He was as true as his word, and before long the young man was feeling and looking much better. 

"Thanks" he said. "I guess I'd better introduce myself. My name is Ira Lee Watkins and I'm from New York and I'm looking for an old-time blues singer who used to live around here years ago. Now of course he may have died or moved on, or anything but I'd surely like to find him if I could. You see I represent Ethical Considerations Records and we'd be very interested in recording the guy again if it were possible." 

Ira went on to tell Abe what he had told the old man in the street. The postmaster shook his head. 

"Do you have a picture?" he asked. 

"Well, all I have is a publicity shot taken in 1930, but it may not be much help. It shows only the back of his head, It was used to promote a record he made as "Shy Boy Shortlegs - The Crippled Conundrum.” Look I have a copy of the record here – “You Ain’t Got Nothin to Lose, Toulouse.” 

Abe looked long and thoughtfully at the picture and then slapped his thigh. 

''Damned moskoetas,” he said. 

After a few more moments though Abe laid the picture on the post office counter and said slowly "Now, Ira, I may be wrong, but I reckon this could be the guy who used to sing every Monday night down at the nudist cup.
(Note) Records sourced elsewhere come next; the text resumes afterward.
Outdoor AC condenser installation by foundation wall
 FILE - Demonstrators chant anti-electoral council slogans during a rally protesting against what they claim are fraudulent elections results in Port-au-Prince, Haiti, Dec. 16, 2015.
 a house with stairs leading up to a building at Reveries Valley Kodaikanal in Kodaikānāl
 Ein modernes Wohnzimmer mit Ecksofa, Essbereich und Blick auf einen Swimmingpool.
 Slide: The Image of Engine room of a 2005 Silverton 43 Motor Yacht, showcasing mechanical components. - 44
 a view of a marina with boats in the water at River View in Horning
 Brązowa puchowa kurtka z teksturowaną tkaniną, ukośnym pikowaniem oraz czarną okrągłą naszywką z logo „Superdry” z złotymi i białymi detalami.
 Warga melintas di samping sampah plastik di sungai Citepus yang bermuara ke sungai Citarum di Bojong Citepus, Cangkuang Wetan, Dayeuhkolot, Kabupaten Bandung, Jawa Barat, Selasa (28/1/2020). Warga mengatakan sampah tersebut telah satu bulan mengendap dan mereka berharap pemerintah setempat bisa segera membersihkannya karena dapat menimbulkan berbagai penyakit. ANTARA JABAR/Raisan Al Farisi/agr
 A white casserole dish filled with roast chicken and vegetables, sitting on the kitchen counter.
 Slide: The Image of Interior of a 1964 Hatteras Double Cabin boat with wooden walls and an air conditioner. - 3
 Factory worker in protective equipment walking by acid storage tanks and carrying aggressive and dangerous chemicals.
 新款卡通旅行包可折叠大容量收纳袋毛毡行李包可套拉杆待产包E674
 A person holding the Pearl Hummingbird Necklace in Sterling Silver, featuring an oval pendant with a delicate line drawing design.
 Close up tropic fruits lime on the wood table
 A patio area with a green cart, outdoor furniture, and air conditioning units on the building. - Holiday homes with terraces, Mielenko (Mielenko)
Called himself Spotted Dick till they thought of penicillin." 

"Hey, Abe, that's exciting. Do you know where I can find him?" 

"Well, last I heard he was livin' in a shack down by the railroad track" 

"Does he still have a guitar?" 

"Not since he started using Sinex" 

"And how will I find this shack?" 

"Oh, pretty much run down I guess, Dick never was much fer washing and such. He has a black goat." 

"A black goat" 

"Yeah, with a velvet collar. Wears it all the time," 

"I'm sorry Abe, I think we're talking at cross purposes." 

"That's the guy! I’m sure of it now." 

Ira decided he'd probably got as much as he was going to from Abe, so he shook him by the hand, thanked him sincerely for the towel and coffee and set off in search of the shack by the railroad track, the long-sought retreat he dared to hope, of Twisted Spine Slim (or Tom, if you like). 

Album titles drifted lazily into his mind as he drove. 

“The Legend of Twisted Spine Tom,” “The Resurrection of Twisted Spine Tom,” “Dance With…Well, perhaps the final selection could wait. 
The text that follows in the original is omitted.